Note: I turned this post into a talk for Confab Central 2014 with added detail and updated info about Hummingbird. See the full write up here.
This is how Hummingbird works, and why it matters to content strategists.
Hummingbird is only the latest update in Google's quest to create a better search experience for users, and it's probably the best thing to happen to content strategists since our job title was invented.
Hummingbird represents a truly fundamental change in the way that Google searches and classifies the internet--one that does not rely as heavily on keywords or links as it has in the past.
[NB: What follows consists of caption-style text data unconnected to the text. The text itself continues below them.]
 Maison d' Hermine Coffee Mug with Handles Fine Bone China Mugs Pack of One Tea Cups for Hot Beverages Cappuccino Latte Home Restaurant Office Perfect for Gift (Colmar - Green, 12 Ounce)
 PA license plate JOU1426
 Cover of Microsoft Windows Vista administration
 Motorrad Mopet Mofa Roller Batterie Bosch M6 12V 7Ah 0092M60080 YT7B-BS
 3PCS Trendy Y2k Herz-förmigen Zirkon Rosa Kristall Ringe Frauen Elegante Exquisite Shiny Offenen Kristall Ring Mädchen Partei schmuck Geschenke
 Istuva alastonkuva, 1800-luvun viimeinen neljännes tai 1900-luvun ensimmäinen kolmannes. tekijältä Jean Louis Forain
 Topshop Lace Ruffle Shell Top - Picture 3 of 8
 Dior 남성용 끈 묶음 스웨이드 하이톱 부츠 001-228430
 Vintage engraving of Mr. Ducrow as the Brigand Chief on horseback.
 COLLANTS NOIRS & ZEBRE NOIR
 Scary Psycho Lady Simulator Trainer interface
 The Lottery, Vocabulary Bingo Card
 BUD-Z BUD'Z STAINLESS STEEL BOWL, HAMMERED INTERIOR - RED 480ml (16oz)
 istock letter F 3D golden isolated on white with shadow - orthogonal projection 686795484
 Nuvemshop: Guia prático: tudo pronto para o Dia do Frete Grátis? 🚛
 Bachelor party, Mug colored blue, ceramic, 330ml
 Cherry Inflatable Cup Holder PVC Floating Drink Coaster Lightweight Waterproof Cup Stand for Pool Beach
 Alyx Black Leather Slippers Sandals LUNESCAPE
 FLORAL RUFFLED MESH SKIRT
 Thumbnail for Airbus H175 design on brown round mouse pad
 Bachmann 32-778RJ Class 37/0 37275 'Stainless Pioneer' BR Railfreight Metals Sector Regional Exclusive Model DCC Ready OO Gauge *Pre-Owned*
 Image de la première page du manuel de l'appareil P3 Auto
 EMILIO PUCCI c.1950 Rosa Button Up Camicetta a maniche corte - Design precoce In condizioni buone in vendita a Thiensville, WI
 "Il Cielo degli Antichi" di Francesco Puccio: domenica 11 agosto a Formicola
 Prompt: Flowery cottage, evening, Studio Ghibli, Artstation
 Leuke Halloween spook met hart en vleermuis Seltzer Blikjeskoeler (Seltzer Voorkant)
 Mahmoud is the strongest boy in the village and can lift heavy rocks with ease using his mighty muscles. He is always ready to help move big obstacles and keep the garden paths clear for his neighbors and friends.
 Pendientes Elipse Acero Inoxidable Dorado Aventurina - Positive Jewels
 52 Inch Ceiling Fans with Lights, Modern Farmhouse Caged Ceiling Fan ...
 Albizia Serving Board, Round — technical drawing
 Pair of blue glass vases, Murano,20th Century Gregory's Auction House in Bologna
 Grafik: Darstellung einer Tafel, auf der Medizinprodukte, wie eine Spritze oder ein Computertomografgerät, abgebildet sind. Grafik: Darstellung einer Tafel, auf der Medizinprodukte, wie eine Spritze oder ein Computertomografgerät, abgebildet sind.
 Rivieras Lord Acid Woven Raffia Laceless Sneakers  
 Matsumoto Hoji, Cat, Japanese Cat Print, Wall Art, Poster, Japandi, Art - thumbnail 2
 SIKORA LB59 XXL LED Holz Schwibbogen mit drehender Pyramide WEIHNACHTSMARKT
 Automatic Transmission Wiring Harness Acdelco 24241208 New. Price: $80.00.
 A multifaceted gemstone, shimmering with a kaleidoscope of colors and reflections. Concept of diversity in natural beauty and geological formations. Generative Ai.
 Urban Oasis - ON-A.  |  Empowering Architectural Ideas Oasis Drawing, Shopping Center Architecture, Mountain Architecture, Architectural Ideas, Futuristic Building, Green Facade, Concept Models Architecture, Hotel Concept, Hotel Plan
Instead, it focuses on serving high-quality, semantically relevant search results, sometimes regardless of on-site keyword matches or high numbers of links.
And the result--hopefully--is better search results for all of us.
However, knowing that Hummingbird focuses on finding "high-quality, semantically relevant content," is not very useful unless you know how Hummingbird is determining quality and relevancy. Hopefully in laying out some of the aspects that are helping Hummingbird function, we'll all better understand how to optimize our content strategy and--by extension--our content marketing efforts.
So, let's jump in.
Google is shifting away from exact keyword matching and toward semantically understanding the intent of a query, serving results based on that intent. But in order to do that, the algorithm needs to recognize and classify "entities." Entities are people, places, things, or ideas in the real world.
To that end, back in 2010, Google bought a little company called, Metaweb. Metaweb is a data company that compiles "triples" from the content of the internet and uncovers relationships between them. Yeah, I know. That's not very clear. So let's illustrate.
A triple is a grammatical construction of [subject], [object] and [predicate]. (Grammar nerds, unite!)
For the purposes of analysis, a simple triple would be:
"Miley Cyrus sings Wrecking Ball."
"(Miley Cyrus [subject]) (sings [predicate]) (Wrecking Ball [object])"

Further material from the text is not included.